Table 3 Approximate value of the characteristic polynomial of J (\(m=4\)) at \(\lambda _{j}\)

When \(m=5\), we reconstruct J as

$$\begin{aligned} \left[ {\begin{array}{c@{\quad }c@{\quad }c@{\quad }c@{\quad }c} \frac{9}{2} &{} \frac{1042}{409} + \frac{397}{327}\mathrm{i} &{} 0 &{} 0 &{}-\frac{441}{3559} + \frac{434}{3067}\mathrm{i} \\ \frac{1042}{409} - \frac{397}{327}\mathrm{i} &{} \frac{835}{172} &{} \frac{281}{177} - \frac{376}{497}\mathrm{i} &{} 0 &{} 0\\ 0 &{} \frac{281}{177} + \frac{376}{497}\mathrm{i} &{} \frac{2879}{703} &{} \frac{2131}{1822}- \frac{928}{1665}\mathrm{i} &{} 0\\ 0 &{} 0 &{} \frac{2131}{1822}+ \frac{928}{1665}\mathrm{i} &{} \frac{2127}{673} &{} \frac{5807}{8412} - \frac{1155}{3511}\mathrm{i} \\ -\frac{441}{3559} - \frac{434}{3067}\mathrm{i} &{} 0 &{} 0 &{} \frac{5807}{8412} + \frac{1155}{3511}\mathrm{i} &{} \frac{2153}{901}\\ \end{array}} \right] . \end{aligned}$$

Substituting the given eigenvalues into the characteristic polynomial of the constructed matrix J, we have Table 4.

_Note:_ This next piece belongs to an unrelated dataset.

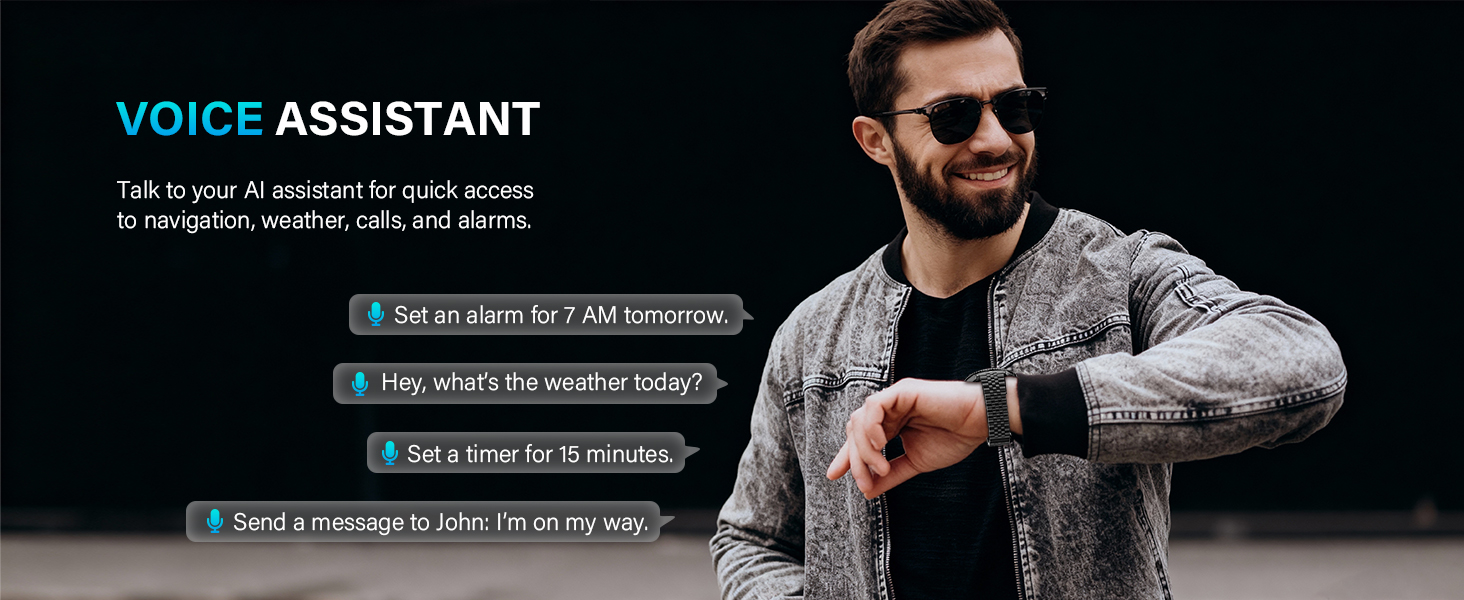 AI voice assistant smart watch gives you hands-free access to calls, weather, and daily tools.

Table 4 Approximate value of the characteristic polynomial of J (\(m=5\)) at \(\lambda _{j}\)

6 Conclusion

The spectral properties and the inverse eigenvalue properties for the class of quasi-tridiagonal matrices are given. The first conclusion is that the multiplicities of the eigenvalues of J are at most two, as well as satisfying the interlacing properties. Second, the sufficient conditions of the solution to the inverse eigenvalue problem of quasi-tridiagonal matrices are solved. Two algorithms are given. The advantage of the second algorithm is that we can give any initial vector. Computational results are shown in numerical examples, illustrating the feasibility of the algorithm.